I’m writing an algorithm for a discrete time dynamic programming problem in economics. The algorithm involves nested looping over 4 state variables - 2 exogenous, 2 endogenous. The solution to the problem 4 dimensional array, with each dimension corresponding to one of the state variables.
I would like to multithread these nested loops if I can. From reading here, FLoops.jl seems to be an ideal way of doing this. However, there is a complication because the outer two loops need to wait until the inner two loops have completed before they can move on to their next iteration.
Below I’ve set out a toy example of what I need to do:
for (iz,iβ) in Iterators.product(eachindex(zvals), eachindex(βvals))
for (id,ia) in Iterators.product(eachindex(dgrid), eachindex(agrid))
tmp [id,ia] = somecalcs(id,ia,iz,iβ) #compute the solution
end
@views soln[:,:, iz, iβ] = curvinterp(tmp[id,ia],amesh,dmesh) #interpolate solutions onto rectilinear mesh
@views soln[:, :, iz, iβ] = swapconstraints!(soln[id, ia, iz, iβ], iz, iβ) #swap in constrained solutions
end
Should I use Floops.jl - e.g., @floop ThreadedEx()

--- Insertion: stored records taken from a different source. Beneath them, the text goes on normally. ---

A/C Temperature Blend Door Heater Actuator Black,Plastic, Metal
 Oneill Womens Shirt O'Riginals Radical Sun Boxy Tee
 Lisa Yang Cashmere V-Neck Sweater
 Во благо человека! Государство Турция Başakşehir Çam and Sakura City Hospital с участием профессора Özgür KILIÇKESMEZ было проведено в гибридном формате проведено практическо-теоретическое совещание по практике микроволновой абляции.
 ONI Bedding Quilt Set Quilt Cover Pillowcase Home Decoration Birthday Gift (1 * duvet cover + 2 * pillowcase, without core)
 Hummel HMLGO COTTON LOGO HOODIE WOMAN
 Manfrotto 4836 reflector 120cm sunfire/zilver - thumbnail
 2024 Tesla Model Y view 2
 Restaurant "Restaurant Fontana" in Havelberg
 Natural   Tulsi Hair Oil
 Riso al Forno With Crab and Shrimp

- on both the outer and inner loops?
I know that I can get an answer to this question by experimentation using @btime
.
But I’m wondering if there’s a more theoretical answer rooted in how Floops.jl works and the different executor options work. …maybe I should use a different executor for the outer loop?
Greatly appreciate any advice anyone has.
-Patrick